::: Records provided

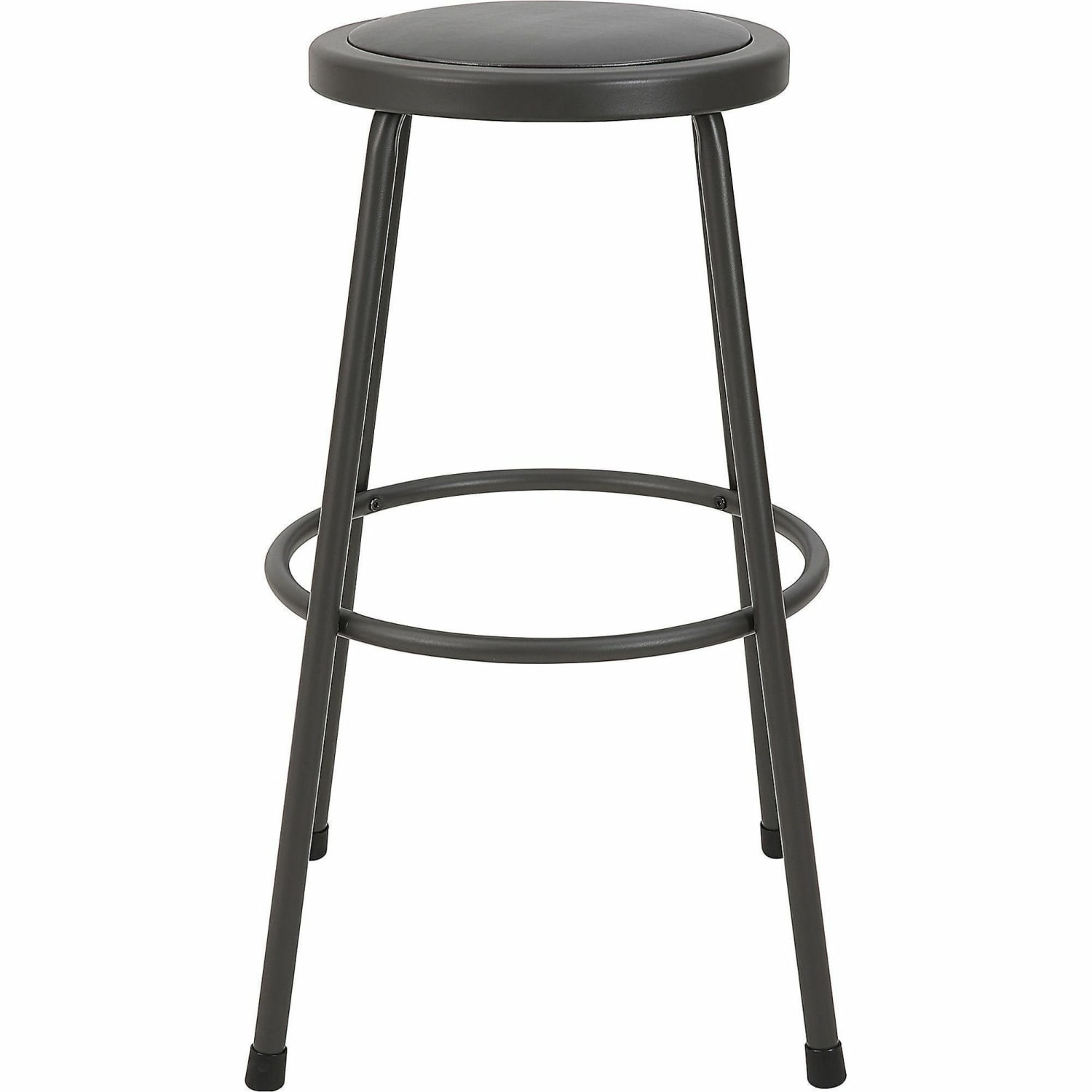 Lorell Metal Shop Stool, 30in Vinyl Seat Material, Light Gray - Image 3
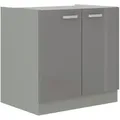Produktbild: Küchen Unterschrank 80 Hochglanz Grau Küchenzeile Küchenblock Küche Grey Bianca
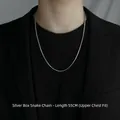 Sleek 55cm silver titanium steel square snake chain necklace for men and women - Square Snake Chain-55cm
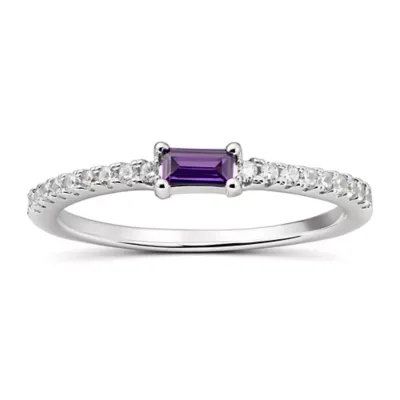 Sterling Silver Petite East/West Baguette-Cut Ring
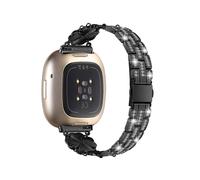 (Style A Fitbit Versa 4, Black) For Fitbit Versa 4/Sense 2 Watch Strap Rhinestone Decor Replacement Steel Wrist Band Gold
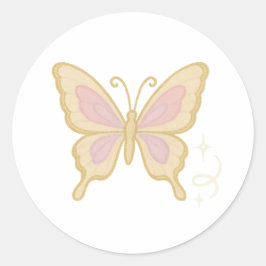 Pegatina Redonda Mariposa con Alas Perladas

::::::

Your job is to transcribe the entries above exactly; skip the pictures.

_Task result_
 Lorell Metal Shop Stool, 30in Vinyl Seat Material, Light Gray - Image 3
Produktbild: Küchen Unterschrank 80 Hochglanz Grau Küchenzeile Küchenblock Küche Grey Bianca
 Sleek 55cm silver titanium steel square snake chain necklace for men and women - Square Snake Chain-55cm
 Sterling Silver Petite East/West Baguette-Cut Ring
 (Style A Fitbit Versa 4, Black) For Fitbit Versa 4/Sense 2 Watch Strap Rhinestone Decor Replacement Steel Wrist Band Gold
 Pegatina Redonda Mariposa con Alas Perladas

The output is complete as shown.